Mindestlohn für entsandte ausländische Betreuungskräfte in Privathaushalte
Nach Deutschland in einen Privathaushalt entsandte ausländische Betreuungskräfte haben Anspruch auf den gesetzlichen Mindestlohn für geleistete Arbeitsstunden.
Dazu gehört auch Bereitschaftsdienst. Ein solcher kann darin bestehen, dass die Betreuungskraft im Haushalt der zu betreuenden Person wohnen muss und grundsätzlich verpflichtet ist, zu allen Tag- und Nachtstunden bei Bedarf Arbeit zu leisten (BAG, Urt. v. 24.6.2021 – 5 AZR 505/20).
Abgrenzung
Bereitschaftsdienst ist abzugrenzen von Arbeitsbereitschaft einerseits und Rufbereitschaft andererseits.
- Arbeitsbereitschaft liegt vor, wenn die Art der vom Arbeitnehmer verrichteten Arbeit einen Wechsel zwischen voller und geringerer Beanspruchung beinhaltet. Sie ist wache Achtsamkeit im Zustand der Entspannung.
- Bereitschaftsdienst liegt vor, wenn der Arbeitnehmer sich an einer vom Arbeitgeber bestimmten Stelle innerhalb oder außerhalb des Betriebs aufzuhalten hat, um – soweit es notwendig ist – seine Arbeit sofort oder zeitnah aufnehmen zu können, ohne sich im Zustand wacher Achtsamkeit zu befinden.
- Rufbereitschaft ist die Verpflichtung des Arbeitnehmers, sich an einem selbst bestimmten, aber dem Arbeitgeber anzugebenden Ort auf Abruf zur Arbeit bereitzuhalten (vgl. hierzu sämtlich Schaub, Arbeitsrechts-Handbuch, § 156).
Bereitschaftsdienst und Arbeitsbereitschaft sind danach zur Arbeitszeit i. S. v. § 2 Abs. 1 ArbZG zu rechnen und entsprechend zu vergüten.
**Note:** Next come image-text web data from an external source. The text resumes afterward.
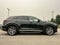 2023 Mazda Mazda CX-9 Signature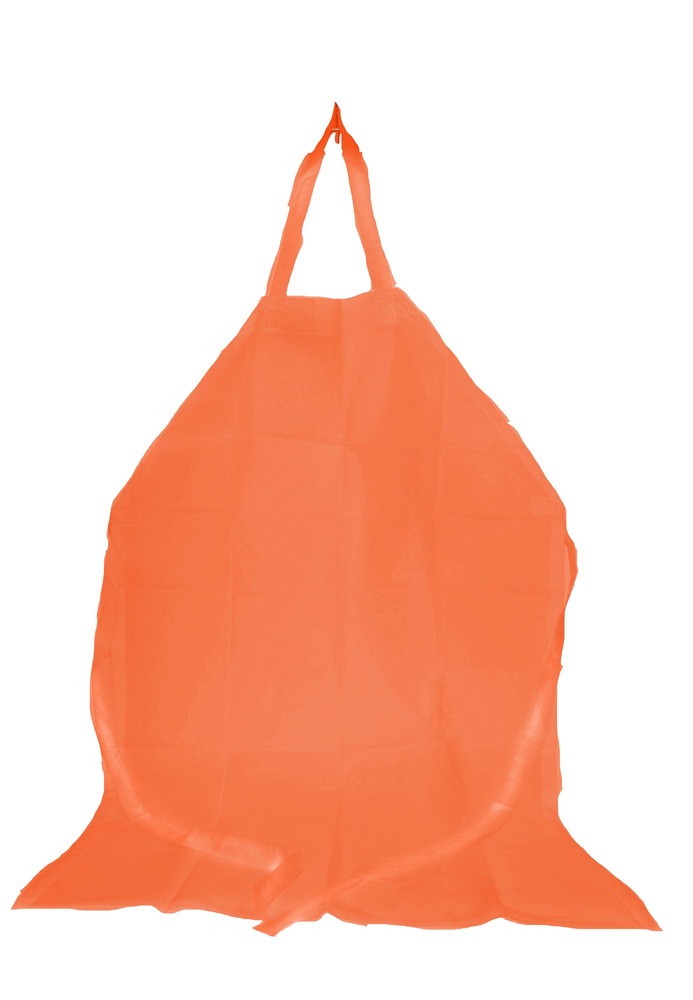 Hunters Specialties Apron Canadian Tire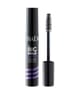 Produktbillede 1 af 6, IsaDora The Big Bold Mascara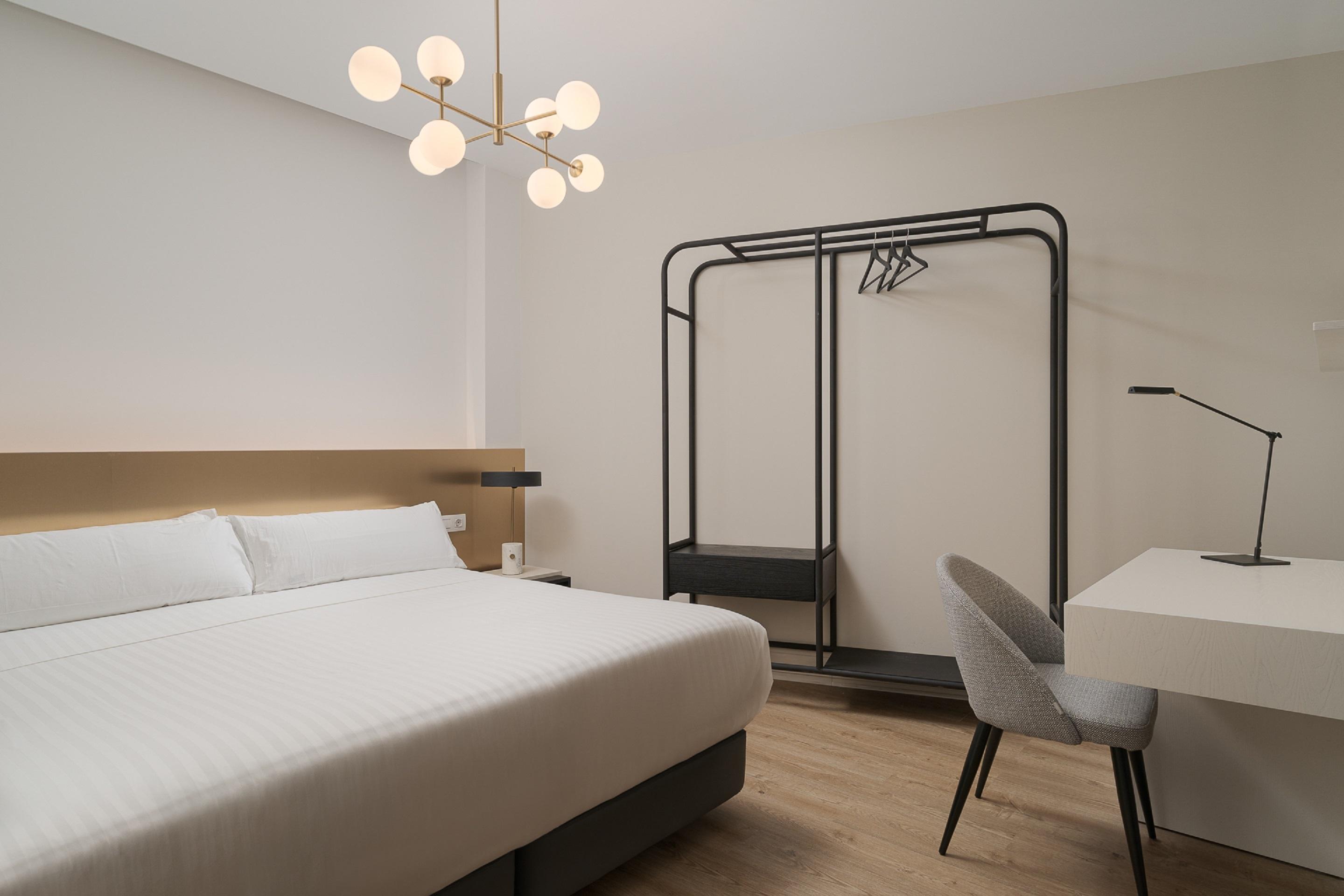Boutique Hotel Cordial La Nina De Vegueta (Adults Only) Λας Πάλμας ντε Γκραν Κανάρια Εξωτερικό φωτογραφία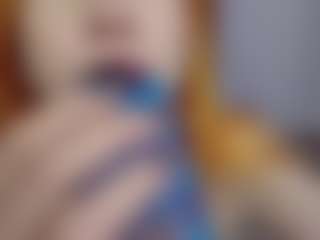 Tate's Live Sex Cam Show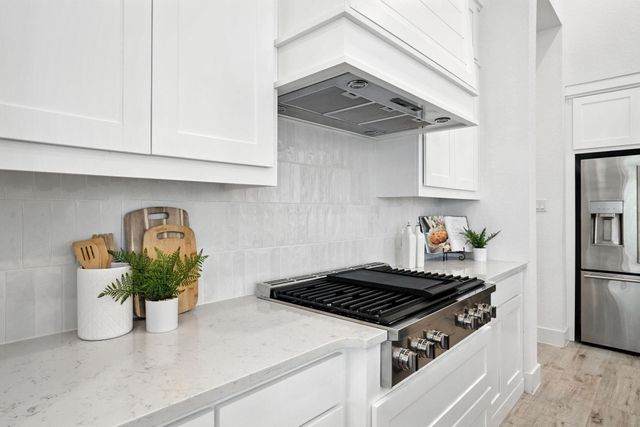 220 Corazon, Boerne, TX 78006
Bei der Rufbereitschaft ist nur die Zeit, die für die tatsächliche Erbringung von Leistungen aufgewandt wird, als Arbeitszeit anzusehen und nur insofern zu vergüten.
Mindestlohn
Für alle drei Formen (Arbeitsbereitschaft, Bereitschaftsdienst und Rufbereitschaft) gelten die Entlohnungsgrundsätze des MiLoG. Danach hat jeder Arbeitnehmer Anspruch auf Zahlung eines Arbeitsentgelts mindestens in Höhe des Mindestlohns durch den Arbeitgeber (§ 1 Abs. 1 MiLoG).
Arbeitgeber mit Sitz im In- oder Ausland sind verpflichtet, ihren im Inland beschäftigten Arbeitnehmern ein Arbeitsentgelt mindestens in Höhe des Mindestlohns zu zahlen (§ 20 MiLoG).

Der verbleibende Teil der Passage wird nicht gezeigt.